### Problem description
Which lines of the entries contain the word "Ultimate"? Please list them.
BEGIN Data extract
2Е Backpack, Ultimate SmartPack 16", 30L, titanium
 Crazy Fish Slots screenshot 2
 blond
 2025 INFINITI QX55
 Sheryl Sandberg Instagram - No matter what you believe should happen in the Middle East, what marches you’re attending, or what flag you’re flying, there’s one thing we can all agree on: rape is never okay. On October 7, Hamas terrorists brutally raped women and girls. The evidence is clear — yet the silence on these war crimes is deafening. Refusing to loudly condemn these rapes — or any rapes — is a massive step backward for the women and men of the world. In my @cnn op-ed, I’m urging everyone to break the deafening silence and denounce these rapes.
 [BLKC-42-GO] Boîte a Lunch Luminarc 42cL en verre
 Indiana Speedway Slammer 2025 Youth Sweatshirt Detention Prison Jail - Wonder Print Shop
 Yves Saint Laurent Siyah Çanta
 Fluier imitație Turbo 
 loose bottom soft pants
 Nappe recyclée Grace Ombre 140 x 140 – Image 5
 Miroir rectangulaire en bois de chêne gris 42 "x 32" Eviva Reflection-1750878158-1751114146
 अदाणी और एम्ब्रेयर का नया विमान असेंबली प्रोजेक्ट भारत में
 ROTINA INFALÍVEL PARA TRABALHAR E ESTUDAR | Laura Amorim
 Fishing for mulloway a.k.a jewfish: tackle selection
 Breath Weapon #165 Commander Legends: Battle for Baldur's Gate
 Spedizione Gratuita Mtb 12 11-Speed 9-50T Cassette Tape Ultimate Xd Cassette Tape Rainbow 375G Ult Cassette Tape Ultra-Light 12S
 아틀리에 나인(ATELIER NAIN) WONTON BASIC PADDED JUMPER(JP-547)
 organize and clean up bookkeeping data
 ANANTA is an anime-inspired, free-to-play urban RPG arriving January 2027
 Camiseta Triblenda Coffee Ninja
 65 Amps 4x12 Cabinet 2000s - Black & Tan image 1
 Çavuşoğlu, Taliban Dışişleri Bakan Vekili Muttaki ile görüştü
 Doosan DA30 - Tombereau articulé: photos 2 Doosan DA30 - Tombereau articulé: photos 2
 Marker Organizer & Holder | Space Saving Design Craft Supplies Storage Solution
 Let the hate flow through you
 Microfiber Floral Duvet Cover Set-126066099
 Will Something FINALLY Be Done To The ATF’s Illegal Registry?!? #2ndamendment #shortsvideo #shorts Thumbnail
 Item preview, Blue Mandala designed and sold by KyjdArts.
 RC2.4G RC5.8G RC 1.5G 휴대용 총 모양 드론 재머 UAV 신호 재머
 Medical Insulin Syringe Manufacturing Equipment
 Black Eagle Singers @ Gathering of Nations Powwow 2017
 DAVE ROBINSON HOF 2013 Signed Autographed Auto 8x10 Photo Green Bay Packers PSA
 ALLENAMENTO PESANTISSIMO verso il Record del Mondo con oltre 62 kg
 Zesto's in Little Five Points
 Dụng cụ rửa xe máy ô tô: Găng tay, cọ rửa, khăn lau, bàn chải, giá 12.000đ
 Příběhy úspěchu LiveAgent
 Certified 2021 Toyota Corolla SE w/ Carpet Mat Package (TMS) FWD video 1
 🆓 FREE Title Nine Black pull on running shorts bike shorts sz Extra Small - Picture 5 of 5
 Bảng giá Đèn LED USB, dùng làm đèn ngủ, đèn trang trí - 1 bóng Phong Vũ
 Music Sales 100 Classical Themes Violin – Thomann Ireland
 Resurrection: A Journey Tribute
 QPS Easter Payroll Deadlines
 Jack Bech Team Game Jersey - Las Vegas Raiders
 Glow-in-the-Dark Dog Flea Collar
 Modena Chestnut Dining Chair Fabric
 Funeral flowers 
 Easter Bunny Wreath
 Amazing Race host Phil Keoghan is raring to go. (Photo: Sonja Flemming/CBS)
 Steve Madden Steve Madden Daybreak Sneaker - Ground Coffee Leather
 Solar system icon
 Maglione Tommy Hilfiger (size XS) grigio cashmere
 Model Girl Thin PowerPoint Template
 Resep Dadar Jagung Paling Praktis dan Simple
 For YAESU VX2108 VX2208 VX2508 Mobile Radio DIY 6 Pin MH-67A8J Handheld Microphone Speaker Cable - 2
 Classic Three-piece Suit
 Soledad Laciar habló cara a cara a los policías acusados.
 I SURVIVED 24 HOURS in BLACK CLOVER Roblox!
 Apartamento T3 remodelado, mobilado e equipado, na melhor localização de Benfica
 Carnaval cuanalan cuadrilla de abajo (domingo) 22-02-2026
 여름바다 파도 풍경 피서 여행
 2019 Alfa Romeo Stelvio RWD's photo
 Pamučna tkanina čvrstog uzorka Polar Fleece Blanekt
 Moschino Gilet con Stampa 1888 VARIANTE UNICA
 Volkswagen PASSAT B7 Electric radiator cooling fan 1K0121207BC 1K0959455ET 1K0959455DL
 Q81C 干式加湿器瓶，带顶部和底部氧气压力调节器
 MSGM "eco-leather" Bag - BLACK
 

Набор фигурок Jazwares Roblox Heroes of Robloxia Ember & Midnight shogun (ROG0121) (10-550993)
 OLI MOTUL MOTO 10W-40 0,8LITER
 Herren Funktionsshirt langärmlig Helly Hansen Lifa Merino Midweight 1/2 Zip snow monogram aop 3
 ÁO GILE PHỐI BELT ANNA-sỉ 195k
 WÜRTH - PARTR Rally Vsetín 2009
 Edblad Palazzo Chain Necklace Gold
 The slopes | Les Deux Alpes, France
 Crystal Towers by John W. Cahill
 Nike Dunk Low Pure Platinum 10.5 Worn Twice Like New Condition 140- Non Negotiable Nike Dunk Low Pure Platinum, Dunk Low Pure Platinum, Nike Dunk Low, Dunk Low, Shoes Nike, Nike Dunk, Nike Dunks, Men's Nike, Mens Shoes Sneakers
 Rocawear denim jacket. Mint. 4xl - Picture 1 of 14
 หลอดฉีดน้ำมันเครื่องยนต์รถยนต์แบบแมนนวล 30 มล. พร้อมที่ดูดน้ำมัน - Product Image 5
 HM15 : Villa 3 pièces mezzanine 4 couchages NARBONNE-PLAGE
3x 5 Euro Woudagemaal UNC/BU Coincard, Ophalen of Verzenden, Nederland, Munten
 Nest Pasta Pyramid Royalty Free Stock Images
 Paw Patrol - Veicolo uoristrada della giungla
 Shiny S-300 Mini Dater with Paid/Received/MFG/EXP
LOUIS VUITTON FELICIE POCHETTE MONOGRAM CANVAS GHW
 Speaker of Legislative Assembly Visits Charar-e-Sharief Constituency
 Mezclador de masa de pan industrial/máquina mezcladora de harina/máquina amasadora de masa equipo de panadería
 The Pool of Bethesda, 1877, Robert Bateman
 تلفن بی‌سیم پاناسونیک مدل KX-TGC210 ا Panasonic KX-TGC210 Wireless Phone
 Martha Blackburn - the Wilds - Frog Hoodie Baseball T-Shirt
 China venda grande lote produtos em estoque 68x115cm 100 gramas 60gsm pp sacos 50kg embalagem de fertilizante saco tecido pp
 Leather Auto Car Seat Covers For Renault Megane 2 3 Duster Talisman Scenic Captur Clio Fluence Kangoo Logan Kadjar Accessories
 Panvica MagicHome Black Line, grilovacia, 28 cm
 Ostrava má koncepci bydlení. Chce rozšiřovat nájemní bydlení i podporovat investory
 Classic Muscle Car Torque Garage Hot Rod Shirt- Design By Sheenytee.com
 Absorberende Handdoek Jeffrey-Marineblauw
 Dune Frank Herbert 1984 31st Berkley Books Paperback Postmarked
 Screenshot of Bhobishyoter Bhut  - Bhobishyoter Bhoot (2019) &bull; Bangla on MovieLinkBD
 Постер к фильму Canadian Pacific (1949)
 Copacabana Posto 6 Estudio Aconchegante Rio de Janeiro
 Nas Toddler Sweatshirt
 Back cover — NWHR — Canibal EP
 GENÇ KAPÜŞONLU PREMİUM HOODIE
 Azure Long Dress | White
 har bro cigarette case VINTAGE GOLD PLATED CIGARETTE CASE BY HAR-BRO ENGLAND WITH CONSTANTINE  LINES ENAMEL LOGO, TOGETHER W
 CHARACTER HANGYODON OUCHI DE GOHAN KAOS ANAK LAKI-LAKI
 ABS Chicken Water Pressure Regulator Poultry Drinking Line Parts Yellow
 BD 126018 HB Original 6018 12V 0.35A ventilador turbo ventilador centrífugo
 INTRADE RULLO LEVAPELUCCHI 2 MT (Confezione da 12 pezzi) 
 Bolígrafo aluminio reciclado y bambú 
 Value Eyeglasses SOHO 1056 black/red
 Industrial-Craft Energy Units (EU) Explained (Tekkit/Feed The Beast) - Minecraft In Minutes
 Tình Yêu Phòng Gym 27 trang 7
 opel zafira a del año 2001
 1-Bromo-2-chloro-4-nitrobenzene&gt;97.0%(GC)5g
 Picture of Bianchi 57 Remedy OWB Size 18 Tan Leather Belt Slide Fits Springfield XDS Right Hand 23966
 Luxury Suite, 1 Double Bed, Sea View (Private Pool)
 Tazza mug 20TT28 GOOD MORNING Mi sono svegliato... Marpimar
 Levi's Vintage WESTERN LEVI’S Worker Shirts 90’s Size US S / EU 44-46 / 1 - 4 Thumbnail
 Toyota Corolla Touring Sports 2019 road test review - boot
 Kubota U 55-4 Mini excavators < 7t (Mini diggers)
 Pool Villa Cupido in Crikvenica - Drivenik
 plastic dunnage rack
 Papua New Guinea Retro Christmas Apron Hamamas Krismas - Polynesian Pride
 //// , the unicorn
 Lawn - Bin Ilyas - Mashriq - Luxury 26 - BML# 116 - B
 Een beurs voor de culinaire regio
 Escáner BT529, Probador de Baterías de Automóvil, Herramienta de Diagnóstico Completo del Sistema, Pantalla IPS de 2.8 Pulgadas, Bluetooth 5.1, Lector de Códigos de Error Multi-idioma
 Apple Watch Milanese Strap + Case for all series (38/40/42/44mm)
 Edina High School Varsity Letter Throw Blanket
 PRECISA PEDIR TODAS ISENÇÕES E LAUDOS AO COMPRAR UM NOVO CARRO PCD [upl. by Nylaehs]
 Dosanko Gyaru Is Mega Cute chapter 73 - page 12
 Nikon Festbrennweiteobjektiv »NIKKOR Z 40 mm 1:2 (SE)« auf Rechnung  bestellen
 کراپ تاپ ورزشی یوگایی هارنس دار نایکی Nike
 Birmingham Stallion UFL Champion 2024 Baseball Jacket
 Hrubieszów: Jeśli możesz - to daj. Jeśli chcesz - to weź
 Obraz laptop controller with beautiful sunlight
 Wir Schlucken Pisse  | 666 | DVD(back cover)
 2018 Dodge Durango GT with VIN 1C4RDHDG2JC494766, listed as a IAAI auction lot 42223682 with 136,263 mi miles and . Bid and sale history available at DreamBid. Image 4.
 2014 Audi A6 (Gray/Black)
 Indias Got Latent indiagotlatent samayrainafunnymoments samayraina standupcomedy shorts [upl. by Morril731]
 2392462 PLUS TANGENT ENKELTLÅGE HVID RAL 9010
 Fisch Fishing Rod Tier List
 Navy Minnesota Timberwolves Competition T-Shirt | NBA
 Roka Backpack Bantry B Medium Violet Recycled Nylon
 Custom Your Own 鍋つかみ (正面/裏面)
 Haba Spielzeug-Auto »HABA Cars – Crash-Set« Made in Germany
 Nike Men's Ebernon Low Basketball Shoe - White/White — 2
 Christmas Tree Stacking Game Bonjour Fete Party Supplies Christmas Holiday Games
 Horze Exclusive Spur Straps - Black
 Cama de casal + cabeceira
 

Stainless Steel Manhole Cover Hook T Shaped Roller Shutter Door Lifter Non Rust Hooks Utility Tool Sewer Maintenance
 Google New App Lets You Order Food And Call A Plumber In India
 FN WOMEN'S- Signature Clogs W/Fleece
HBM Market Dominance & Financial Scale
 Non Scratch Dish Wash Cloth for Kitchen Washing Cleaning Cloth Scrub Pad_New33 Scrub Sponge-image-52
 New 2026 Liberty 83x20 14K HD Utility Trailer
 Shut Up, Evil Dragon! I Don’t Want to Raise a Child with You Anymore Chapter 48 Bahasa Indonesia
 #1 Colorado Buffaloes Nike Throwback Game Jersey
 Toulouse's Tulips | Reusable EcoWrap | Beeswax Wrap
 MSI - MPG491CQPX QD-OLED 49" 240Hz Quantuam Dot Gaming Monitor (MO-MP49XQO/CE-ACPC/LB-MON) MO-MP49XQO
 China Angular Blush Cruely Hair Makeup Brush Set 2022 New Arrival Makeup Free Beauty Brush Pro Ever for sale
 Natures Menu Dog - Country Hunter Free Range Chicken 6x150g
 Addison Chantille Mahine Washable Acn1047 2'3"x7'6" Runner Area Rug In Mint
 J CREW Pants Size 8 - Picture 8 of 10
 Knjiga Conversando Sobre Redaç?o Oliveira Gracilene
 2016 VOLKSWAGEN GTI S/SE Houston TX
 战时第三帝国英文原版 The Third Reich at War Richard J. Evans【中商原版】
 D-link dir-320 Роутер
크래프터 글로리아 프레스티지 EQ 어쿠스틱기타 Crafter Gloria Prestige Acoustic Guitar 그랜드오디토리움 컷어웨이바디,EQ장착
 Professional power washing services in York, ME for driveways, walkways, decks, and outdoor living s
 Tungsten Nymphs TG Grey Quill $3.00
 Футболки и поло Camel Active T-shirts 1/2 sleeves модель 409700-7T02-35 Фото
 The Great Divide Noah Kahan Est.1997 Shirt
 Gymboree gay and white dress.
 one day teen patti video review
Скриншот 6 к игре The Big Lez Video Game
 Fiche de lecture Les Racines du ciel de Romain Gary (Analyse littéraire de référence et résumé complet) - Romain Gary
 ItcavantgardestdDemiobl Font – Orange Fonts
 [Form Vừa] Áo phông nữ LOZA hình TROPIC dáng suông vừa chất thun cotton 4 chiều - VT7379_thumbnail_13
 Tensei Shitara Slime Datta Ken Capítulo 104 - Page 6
END Data extract
### Response for this exercise
2Е Backpack, Ultimate SmartPack 16", 30L, titanium
 Spedizione Gratuita Mtb 12 11-Speed 9-50T Cassette Tape Ultimate Xd Cassette Tape Rainbow 375G Ult Cassette Tape Ultra-Light 12S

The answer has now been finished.